A statement by sc4L said:

“Sustainable Communities 4 Leeds (sc4L) notes the concerns and comments raised both within the council and wider forums and remains fully committed to the project and its delivery within the revised programme.”

3 Replies to “Council and Developers say Housing PFI is still on track”

  1. Been a joke this project from the start. What council in their right mind demolishes hundreds of habitable units before even the first brick has been put in place on anything to replace them? Not even finalising and signing up to the contract for same? Whoever planned this deserves the sack. Not been properly managed, thought out, or time tabled. Any demolition could have been phased to allow any new build but no, LCC chooses to get the bulldozers in anyway. Clowns in charge.

  2. While agreeing this has gone on far too long and having reservations about using Private Finance Initiative (PFI) funding it’s perhaps worth bearing in mind a couple of things.

    Once it was decided to use this form of funding to demolish and replace some Council housing as well as improve some other houses then those living in the accommodation to be demolished faced the prospect that at some point they would be forced to move. In that position many preferred to move rather than be left in buildings which became empty. If the Council re-housed people in the empty accommodation they would have had to find further housing to rehouse more people subsequently.

    The main reason for going ahead with the scheme was the offer of government money. It doesn’t make sense to spend money on buildings that are going to be demolished so once it was pretty certain the scheme was going to happen it made sense to empty the properties and demolish them.

    In my view the major reason for delay has been the government and not just the present administration. It is a great pity that the scheme wasn’t approved by the last Labour government my understanding is that there were concerns about value for money but how far these were the real reason for the failure for the scheme to get approved then is very difficult to know.

    There were concerns expressed locally about the decision to build more Council housing rather than provide affordable social housing via housing associations which would have been better value for money and whether the mix of new housing planned was appropriate with some people feeling there should be fewer small flats and more family accommodation.

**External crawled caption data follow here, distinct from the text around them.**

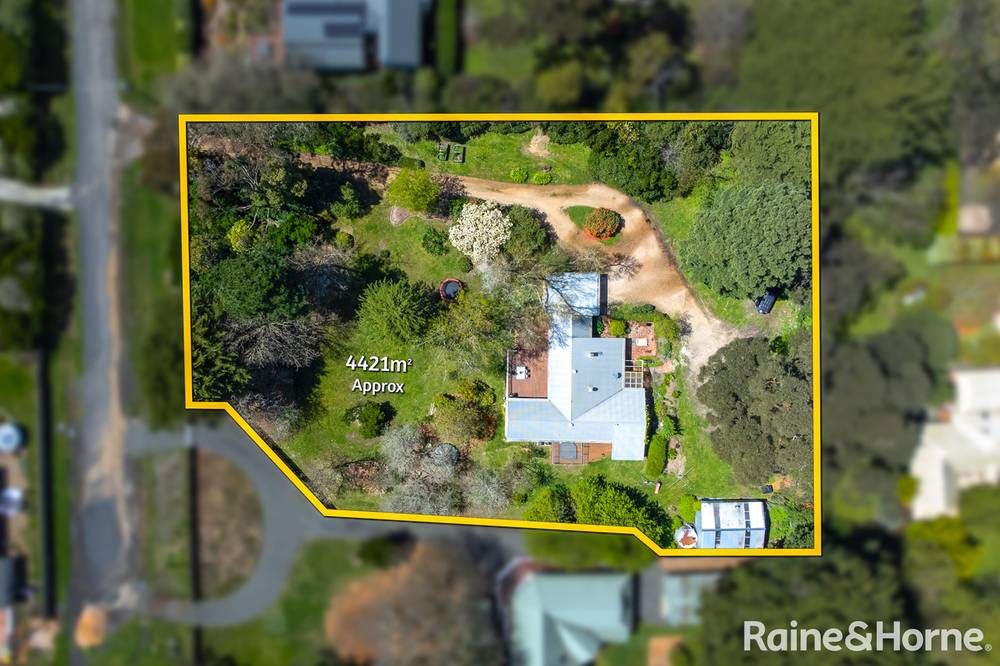 2B Royston Road, WOODEND, VIC 3442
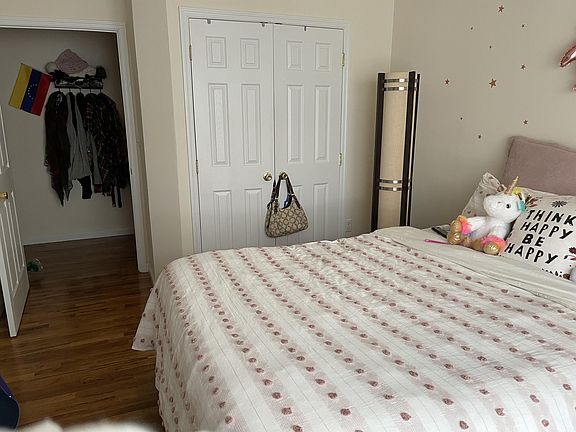 4th image of 84-86 Astor St APT 9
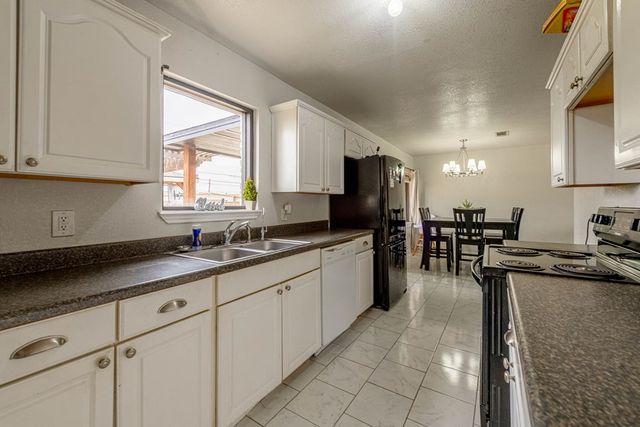 4519 Roosevelt Dr, Midland, TX 79703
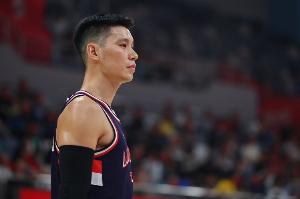 林书豪：今天还有那么多人支持我 很感谢大家那么长时间的支持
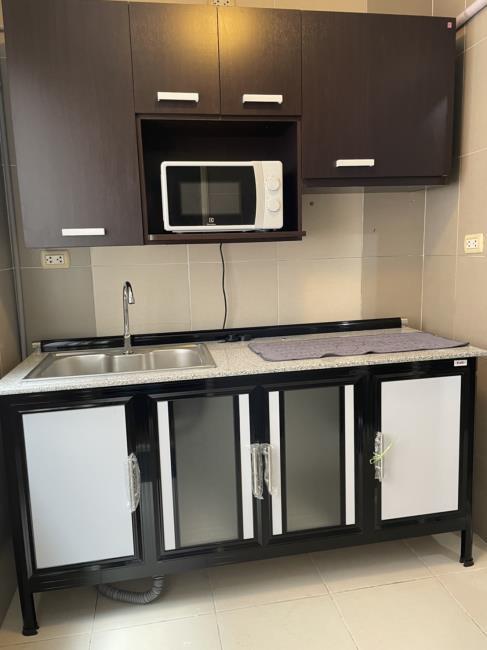 Happy Condo Ratchada 18 ครัว.jpg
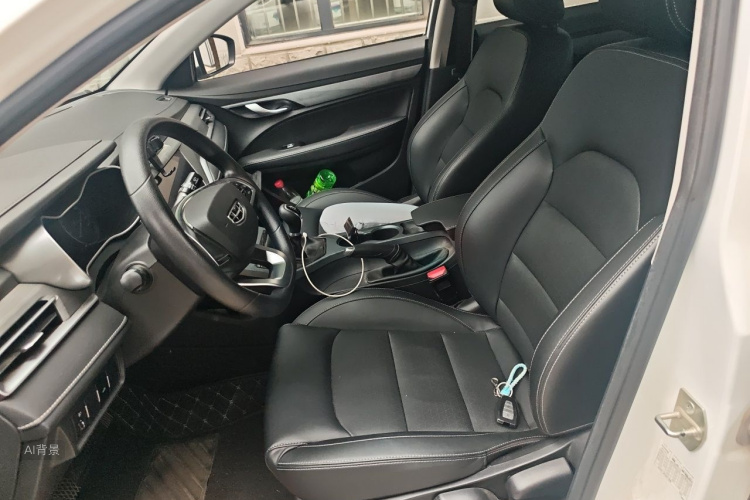 GEELY Emgrand 2021 car image #17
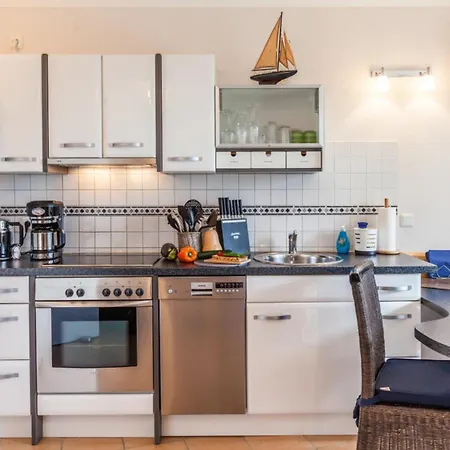 4 Sterne-terrassen-fewo Heimathaven Direkt Am Ostseestrand Inkl Schwimmbad Apartment *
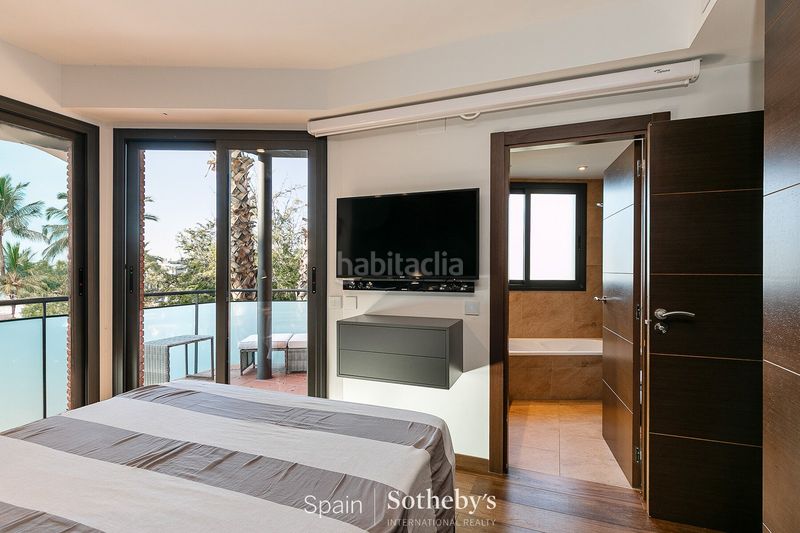 Foto 14a4ad54-9b15-4e69-a08f-d553391f43d4. Casa aparellada amb calefacció aparcament piscina a Sitges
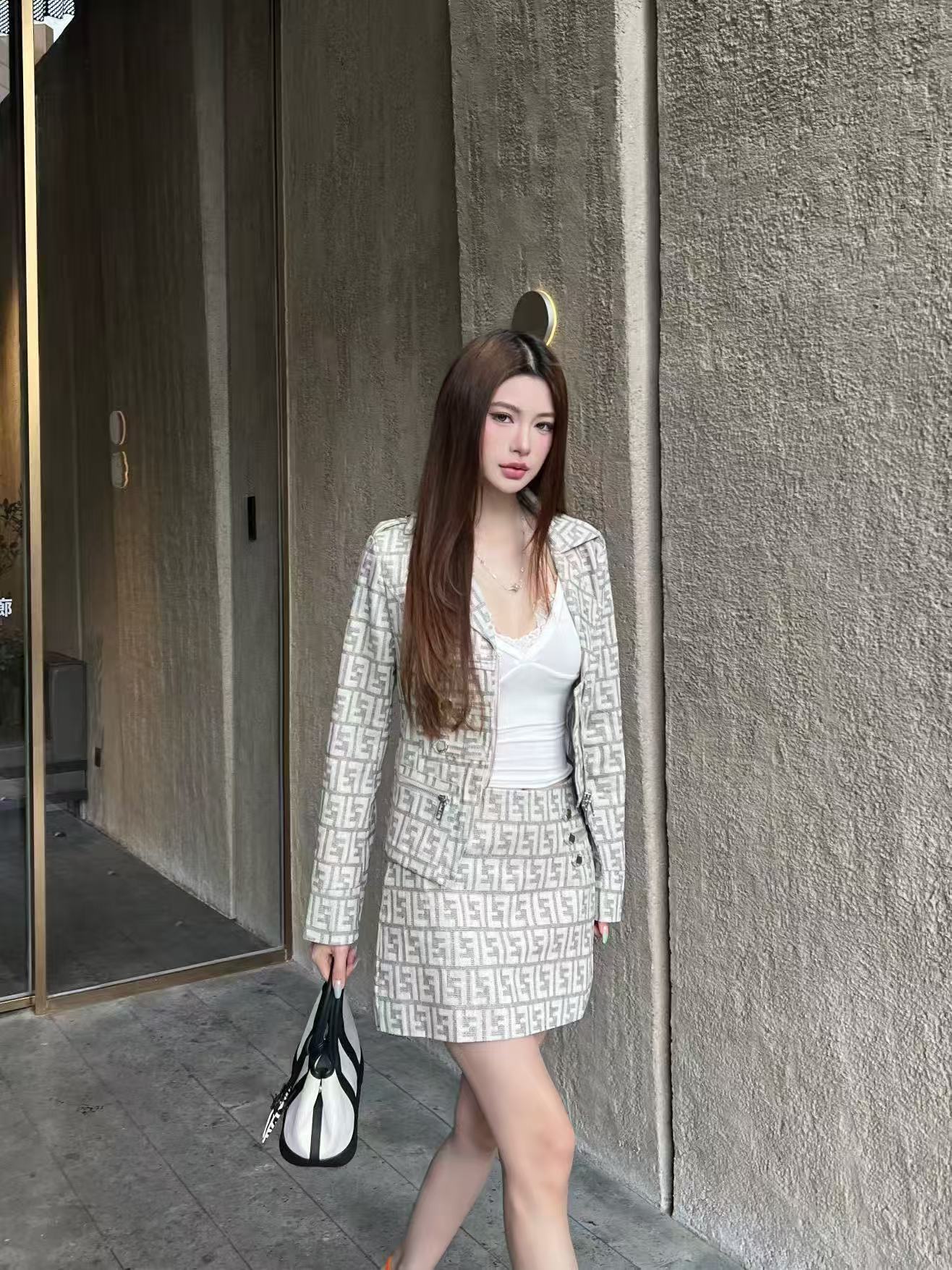 FENDI FFブレザー＆スカート 2ピースセット【50％割引+送料無料】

    Anyway let’s hope the scheme starts soon as the areas affected could do with the investment.

    1. I agree that it’s about time the affected areas get the investment. I just hope that when it does arrive that the quality of tenants that move into the new (or refurbished accommodation) is taken into consideration too – after all we want the area to improve!

      On a slightly separate note, the tenants that were in effect ‘moved out’ of their council homes to make way for the new developments were financially compensated (in most cases by at least £5k) and paid a fee to move out and have all their personal possessions packed up and transported to their new places!